Bones et Roseval avaient ouvert à la fin de l’année 2012, à Paris. Et c’est maintenant, au même moment, qu’ils ferment définitivement. Deux restaurants de plus ou de moins dans la capitale, quelle différence ? Outre le fait qu’on y mangeait très bien, ces deux enseignes sont représentatives d’une vague, d’un élan qui a porté la cuisine parisienne au début des années 2010, et qui est peut-être en train de s’essouffler.
Le coup d’envoi de ce renouvellement créatif a été donné par Inaki Aizpitarte qui, en inaugurant son Chateaubriand en 2006, a diffusé une vision nouvelle de la gastronomie, éloignée du tintouin étoilé. Le Basque a mis en place des assiettes modernes et audacieuses, centrées sur la qualité du produit. Installé non loin de Belleville, il a aussi prouvé qu’il n’était nul besoin d’avoir pignon sur rue dans le triangle d’or pour attirer une faune prête à investir une soixantaine d’euros (prix du menu unique) dans son dîner.

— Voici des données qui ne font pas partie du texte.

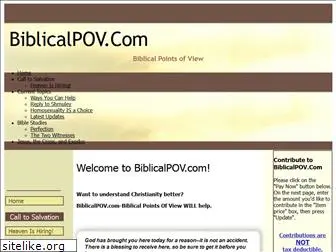 biblicalpov.com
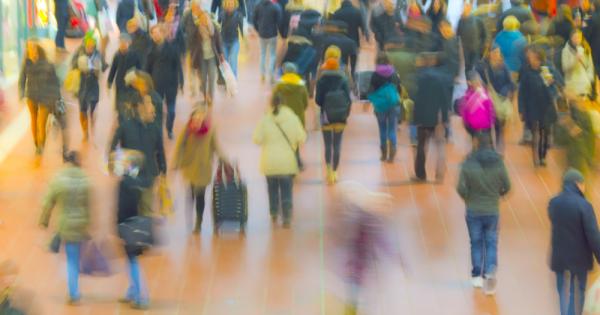 Изненадващо лесно е да загубите поглед върху важните неща в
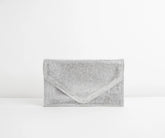 Winner Is Envelope Clutch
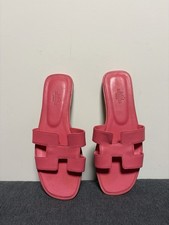 Scarpe infradito HERMES Oran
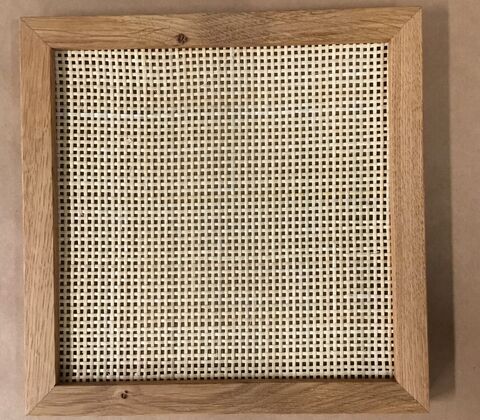 Åbent Scheneflet Nr. 08 6x6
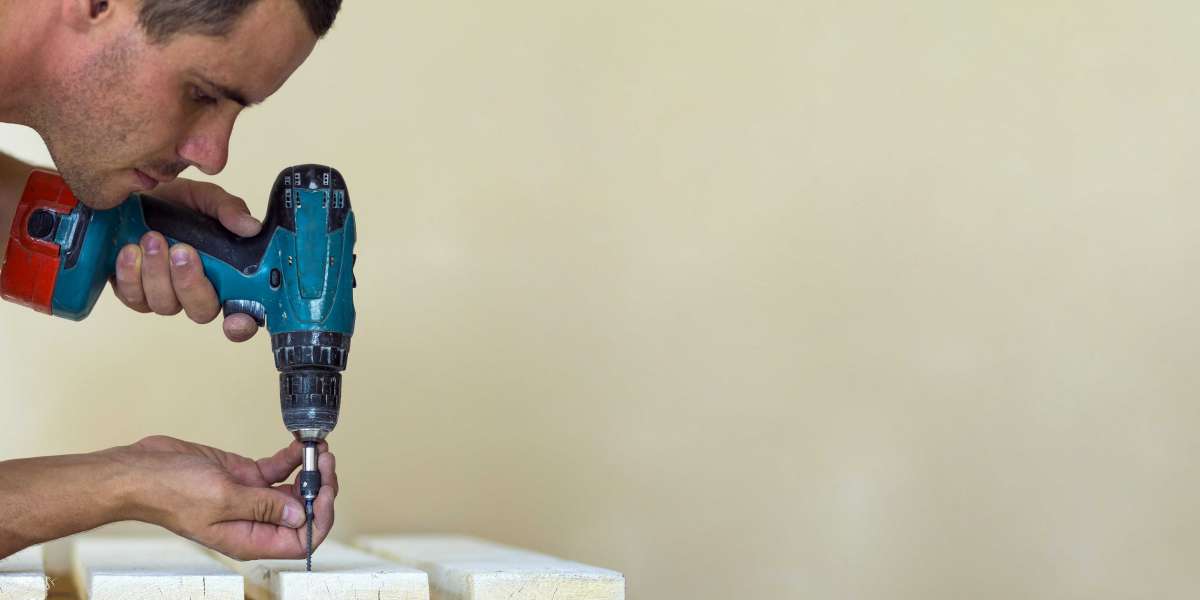 A Productive Rant About Pillar Drill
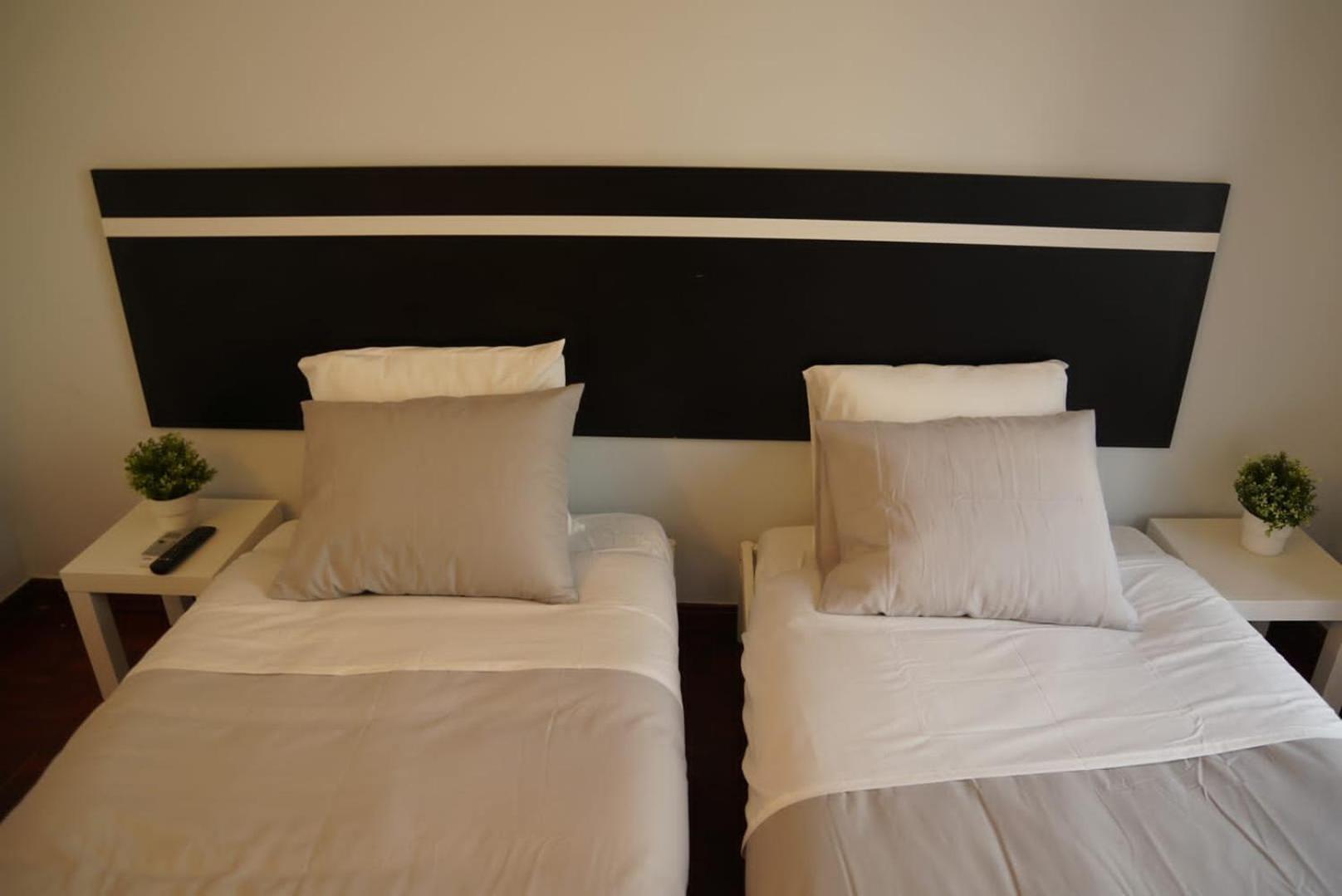 Bisengototo Homestay Lisbon Bagian luar foto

En redéfinissant les codes du bien-manger, Inaki Aizpitarte a fait des émules parmi les Français (Bertrand Grébaut chez Septime, Sven Chartier chez Saturne…), mais a aussi encouragé des étrangers à se lancer à la conquête de la capitale. James Henry, l’Australien à la tête de Bones, et Simone Tondo, Sarde cofondateur du Roseval (avec son coéquipier anglais Michael Greenwold, qui avait quitté le navire en 2014), se sont installés, comme la plupart de leurs homologues, dans de minuscules enseignes de l’Est de Paris où ils ont proposé des menus uniques déroutants. Ils partageaient une fougue - et il en faut pour porter seul un tel projet - rafraîchissante, une foi en leur travail peu commune. Deux ans et demi plus tard, que s’est-il passé ? Chacun évoque une envie d’ailleurs, l’impression d’avoir fait le tour de la question. L’enthousiasme des débuts semble s’être tassé. La cuisine et la salle minuscules, souvent bruyantes, le fait de se trouver au milieu de la concurrence (Bones, entre Septime et le Chateaubriand) ou relativement excentré (Roseval, derrière Ménilmontant) ont dû peser sur les nerfs des cuisiniers.

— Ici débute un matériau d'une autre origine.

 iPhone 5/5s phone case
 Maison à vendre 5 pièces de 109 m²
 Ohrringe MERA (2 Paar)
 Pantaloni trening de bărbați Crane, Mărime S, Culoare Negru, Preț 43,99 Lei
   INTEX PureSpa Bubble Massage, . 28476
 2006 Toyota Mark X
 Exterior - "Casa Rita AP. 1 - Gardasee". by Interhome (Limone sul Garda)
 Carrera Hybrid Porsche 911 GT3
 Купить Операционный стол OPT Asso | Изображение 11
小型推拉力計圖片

Même si Henry et Tondo assurent que leurs business continuaient d’être rentables, ces restaurants, où l’on ne pouvait autrefois réserver car toujours complets, étaient devenus accessibles. Une baisse de fréquentation sans doute imputable à la multiplication frisant l’absurde d’adresses proposant la même formule.

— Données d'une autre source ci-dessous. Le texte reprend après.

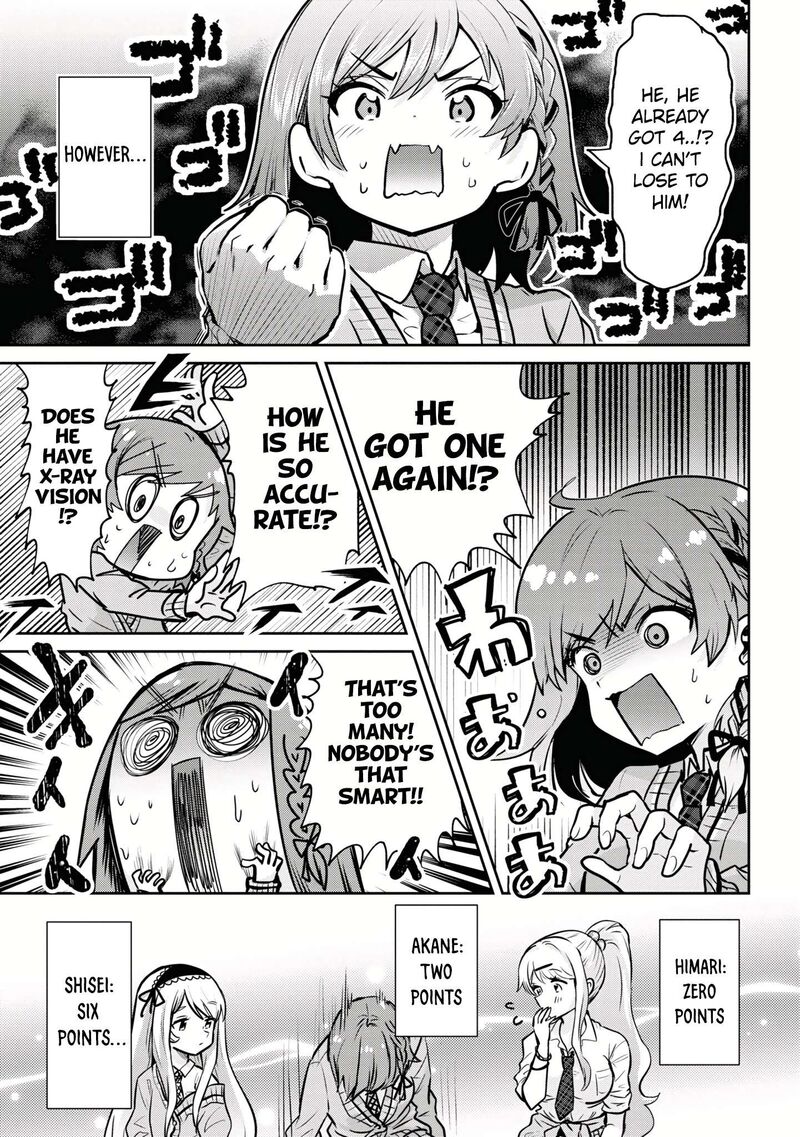 Class No Daikirai Na Joshi To Kekkon Suru Koto Ni Natta 18b 9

De même que, dans les années 2000, les restaurateurs se targuaient volontiers d’être versés dans la cuisine moléculaire, aujourd’hui, pour être dans le coup, ils se donnent des allures de néobistrots, vidant la notion de sens en se contentant d’en adopter la seule esthétique. James Henry et Simone Tondo estiment tous deux qu’ils rouvriront une adresse à Paris, un jour. On compte sur leur retour.